Your instructions:
Pictures are to be left out; every line from the one with "Wavy Stainless Steel" through the end of the data must be transcribed exactly.

•••

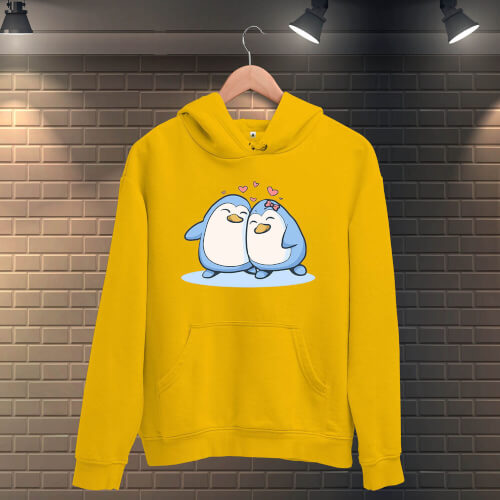 Penguen Sevgili Kadın Kapüşonlu Sweatshirt - Thumbnail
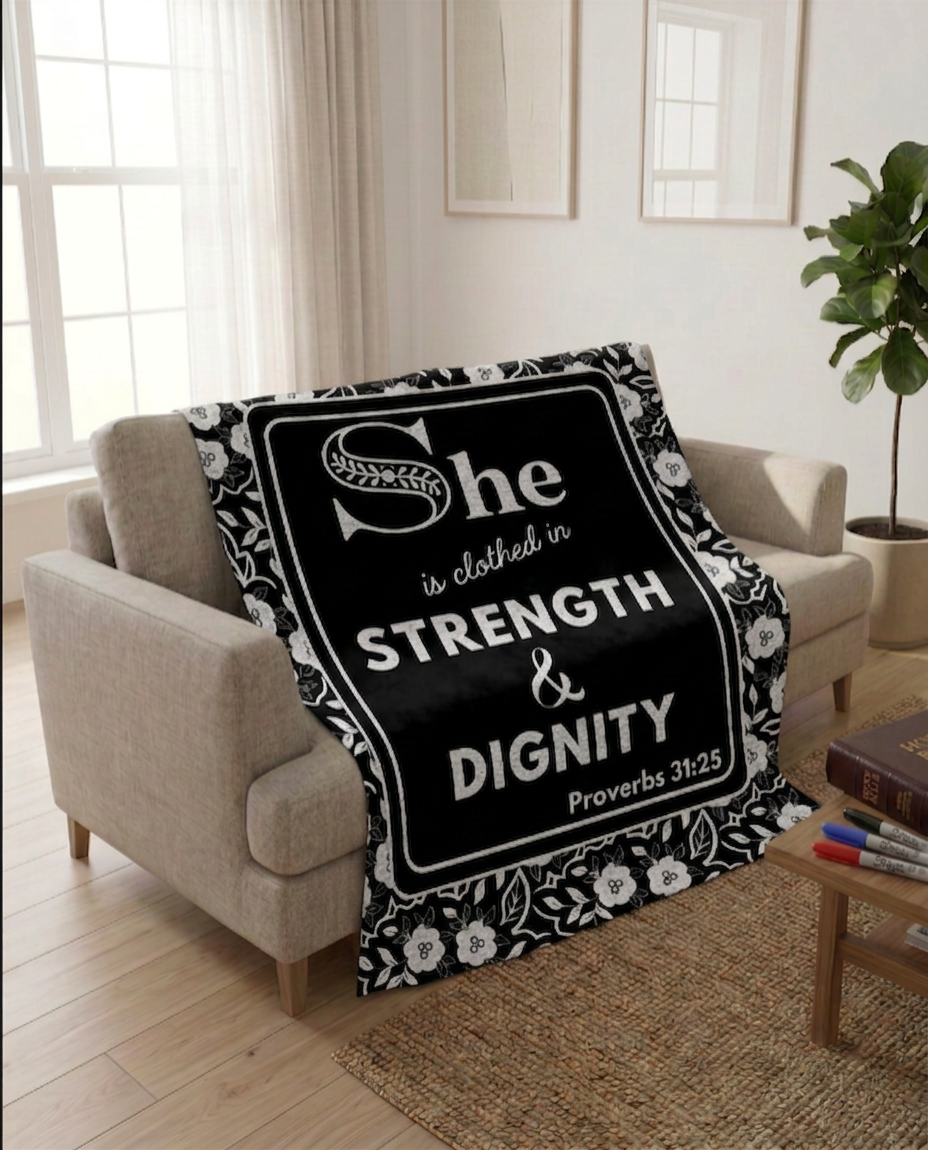She Is Clothed in Strength Colorable Blanket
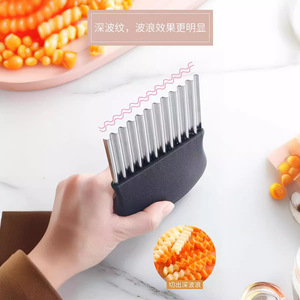 Wavy Stainless Steel Potato Knife Slicer For French Fries And Vegetable Cutting With Serrated Edge Multi Functional Cutter - Product Image 5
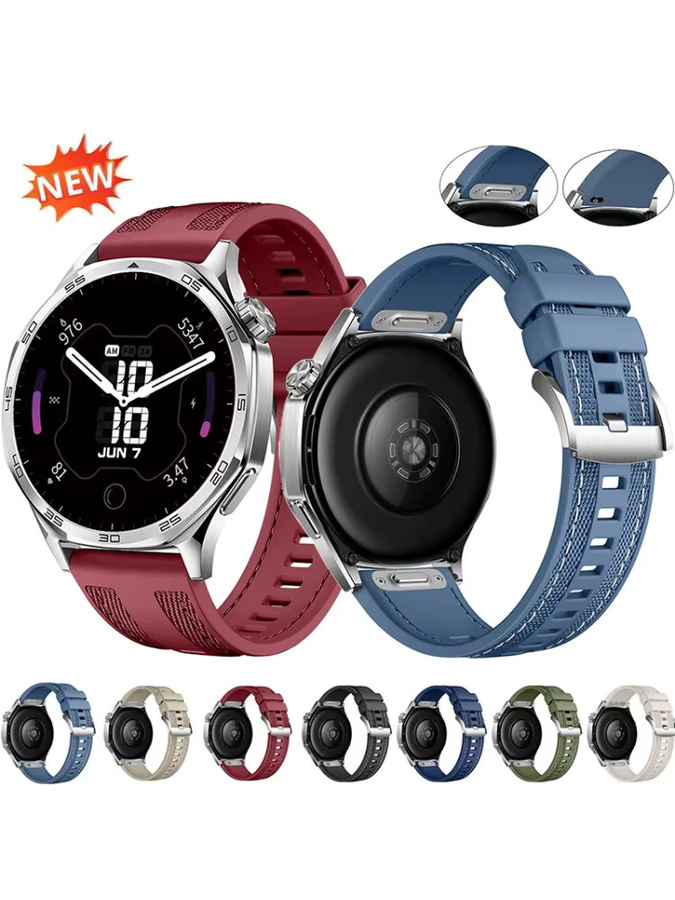 CAOWTAN Uhrenarmband Silikon-Nylon, 22 mm, Schwarz, Unisex - Bild 6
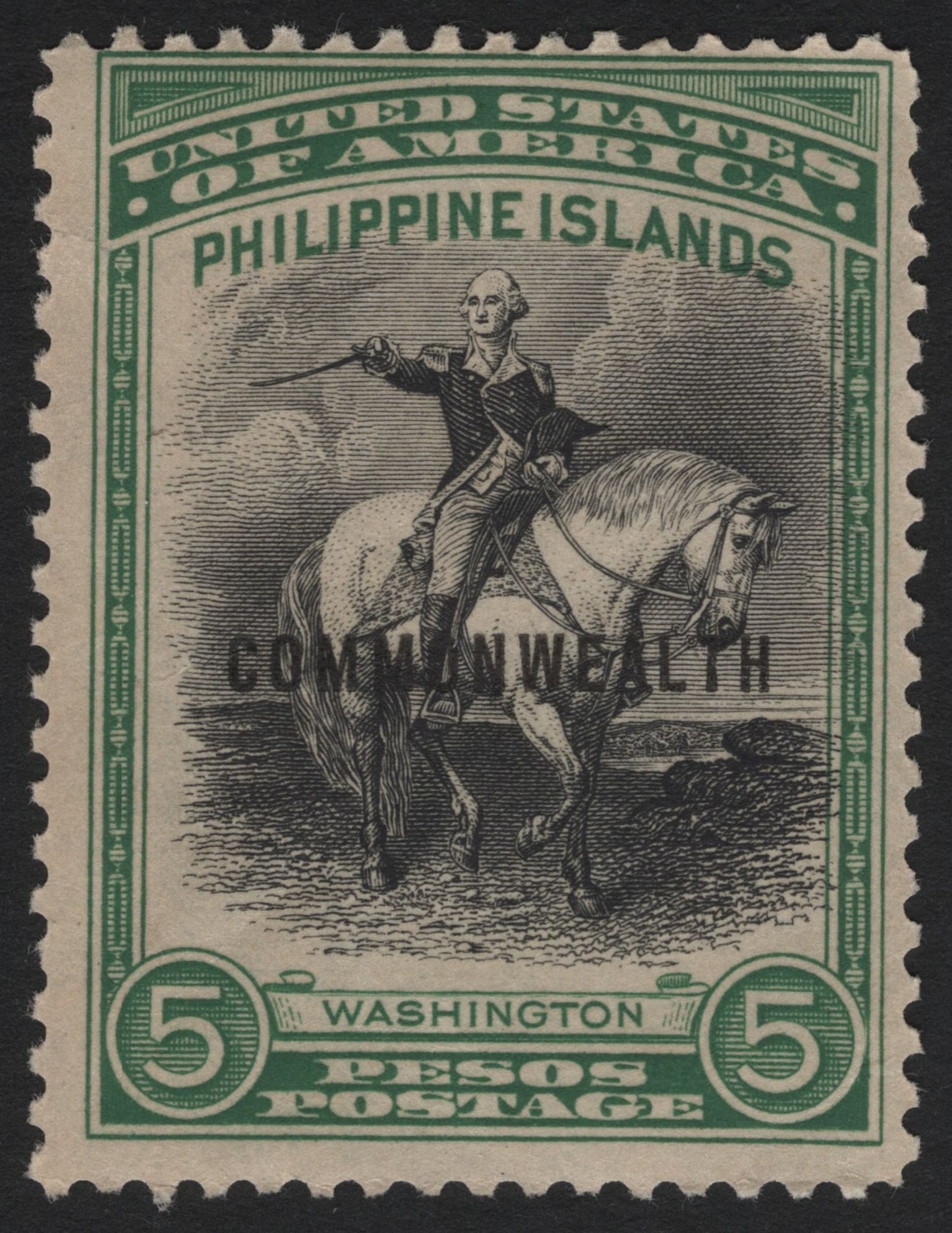 SCG4569 - Philippine Islands 1936 – 5 Pesos George Washington "Commonwealth" Overprint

•••

Response below:
 Wavy Stainless Steel Potato Knife Slicer For French Fries And Vegetable Cutting With Serrated Edge Multi Functional Cutter - Product Image 5
 CAOWTAN Uhrenarmband Silikon-Nylon, 22 mm, Schwarz, Unisex - Bild 6
 SCG4569 - Philippine Islands 1936 – 5 Pesos George Washington "Commonwealth" Overprint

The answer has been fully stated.